Record set Start Marker

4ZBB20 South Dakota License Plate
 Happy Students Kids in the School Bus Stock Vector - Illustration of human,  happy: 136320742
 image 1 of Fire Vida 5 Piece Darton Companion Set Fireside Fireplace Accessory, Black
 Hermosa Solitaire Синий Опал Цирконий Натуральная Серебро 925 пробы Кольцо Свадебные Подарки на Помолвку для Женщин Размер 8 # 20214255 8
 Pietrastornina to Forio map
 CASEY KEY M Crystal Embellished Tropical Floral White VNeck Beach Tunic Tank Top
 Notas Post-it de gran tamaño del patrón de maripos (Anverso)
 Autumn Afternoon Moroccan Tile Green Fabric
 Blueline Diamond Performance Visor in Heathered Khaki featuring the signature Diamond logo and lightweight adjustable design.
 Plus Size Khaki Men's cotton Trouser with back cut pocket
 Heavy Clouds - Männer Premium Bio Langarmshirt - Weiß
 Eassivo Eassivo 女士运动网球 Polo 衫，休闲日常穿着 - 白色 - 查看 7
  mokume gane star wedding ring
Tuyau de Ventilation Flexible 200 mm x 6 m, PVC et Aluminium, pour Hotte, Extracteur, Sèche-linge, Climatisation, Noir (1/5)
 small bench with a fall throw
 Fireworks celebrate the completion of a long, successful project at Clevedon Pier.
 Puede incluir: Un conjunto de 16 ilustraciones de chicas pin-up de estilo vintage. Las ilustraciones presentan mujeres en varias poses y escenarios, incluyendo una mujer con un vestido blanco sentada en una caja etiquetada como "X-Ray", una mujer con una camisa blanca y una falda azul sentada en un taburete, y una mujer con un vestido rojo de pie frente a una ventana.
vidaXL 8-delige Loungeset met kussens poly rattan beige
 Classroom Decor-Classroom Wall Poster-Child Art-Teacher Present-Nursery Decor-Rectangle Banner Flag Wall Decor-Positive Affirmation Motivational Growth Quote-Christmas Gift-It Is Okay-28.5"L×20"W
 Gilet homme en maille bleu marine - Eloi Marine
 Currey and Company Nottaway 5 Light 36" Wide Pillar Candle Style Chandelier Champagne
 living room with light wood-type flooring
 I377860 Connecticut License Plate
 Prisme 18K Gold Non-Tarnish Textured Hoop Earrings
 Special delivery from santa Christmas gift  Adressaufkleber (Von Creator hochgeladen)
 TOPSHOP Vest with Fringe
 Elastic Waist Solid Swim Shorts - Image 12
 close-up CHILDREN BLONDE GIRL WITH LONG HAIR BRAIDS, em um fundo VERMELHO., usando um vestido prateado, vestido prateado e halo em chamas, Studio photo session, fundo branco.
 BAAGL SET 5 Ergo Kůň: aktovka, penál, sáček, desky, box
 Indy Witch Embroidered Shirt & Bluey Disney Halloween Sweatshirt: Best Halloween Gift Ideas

Record set End Marker

**Exercise objective:** For the word "vestido", count how many lines of the entries contain it; give the number and nothing more.

**Result of this task:** 2